* [WORK TO BE COMPLETED]:
Only the tail of the listing is wanted: the line containing "MW102N Four &agrave;" and all after it, repeated exactly, pictures omitted.

━━━━━━━━━━━━━━━━━━━━

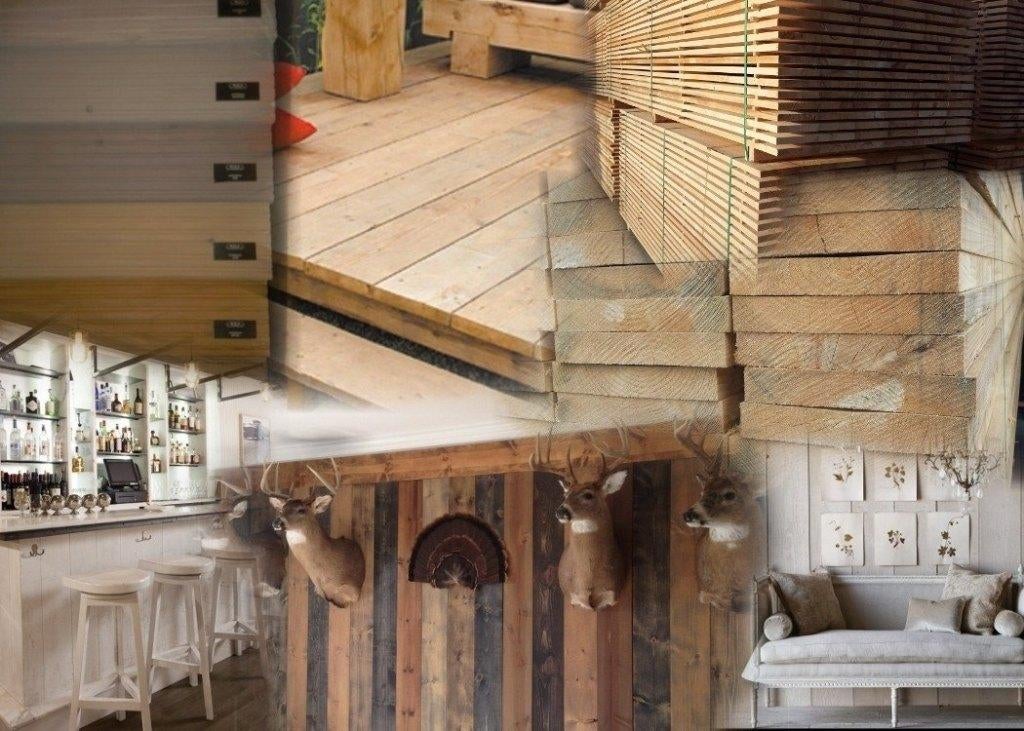 PLANCHES D'ÉCHAFAUDAGE 30X200MM, Bricolage & Construction, Fenêtres & Moustiquaires, Neuf, Bois, Enlèvement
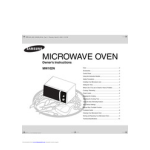 MW102N Four &agrave; Micro-Ondes : Assistance IA et PDF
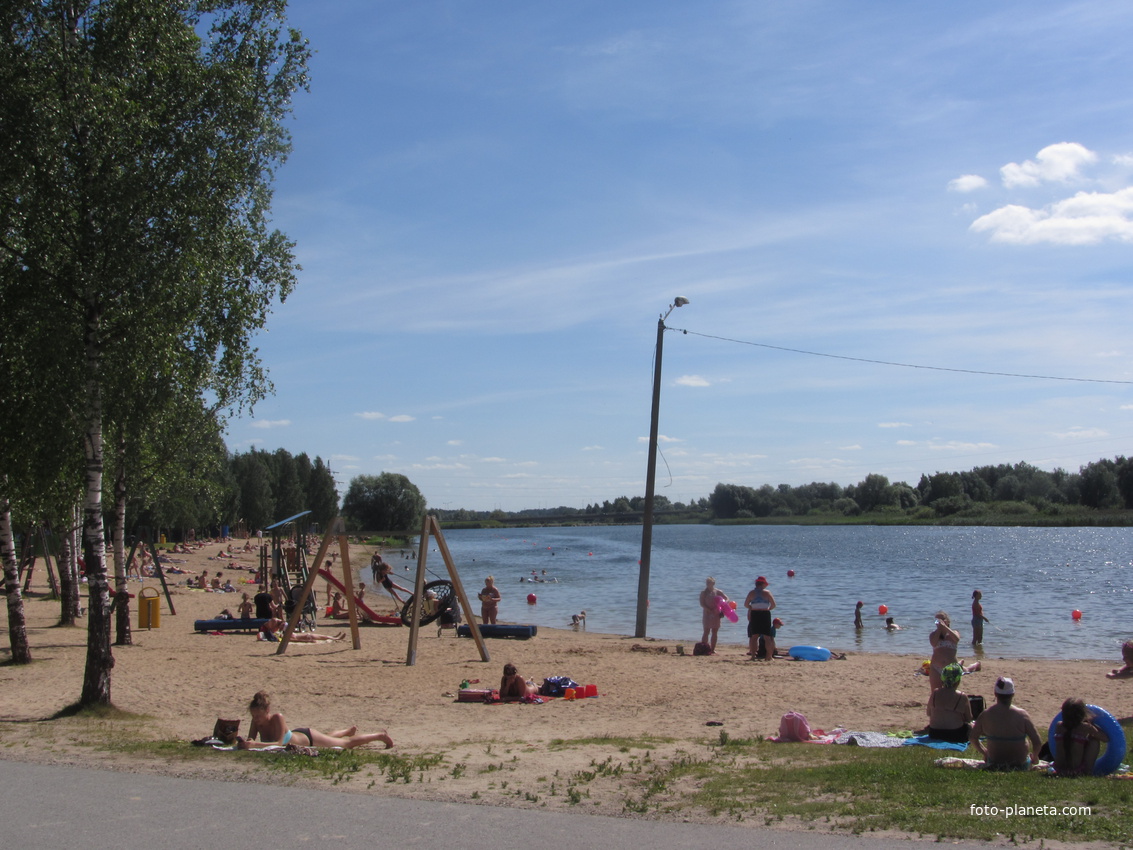 Тарту. Городской пляж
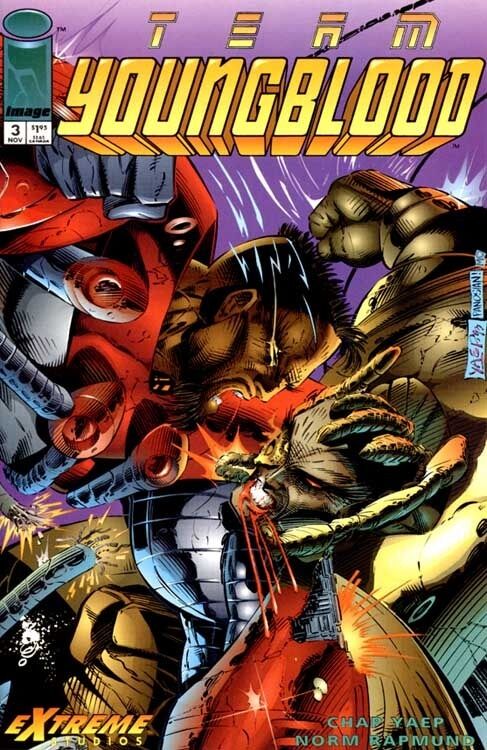 Team Youngblood (1993-1996) #3
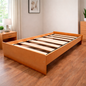 Cama de 1 Plaza Compacto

━━━━━━━━━━━━━━━━━━━━

* [TASK OUTPUT]:
 MW102N Four &agrave; Micro-Ondes : Assistance IA et PDF
 Тарту. Городской пляж
 Team Youngblood (1993-1996) #3
 Cama de 1 Plaza Compacto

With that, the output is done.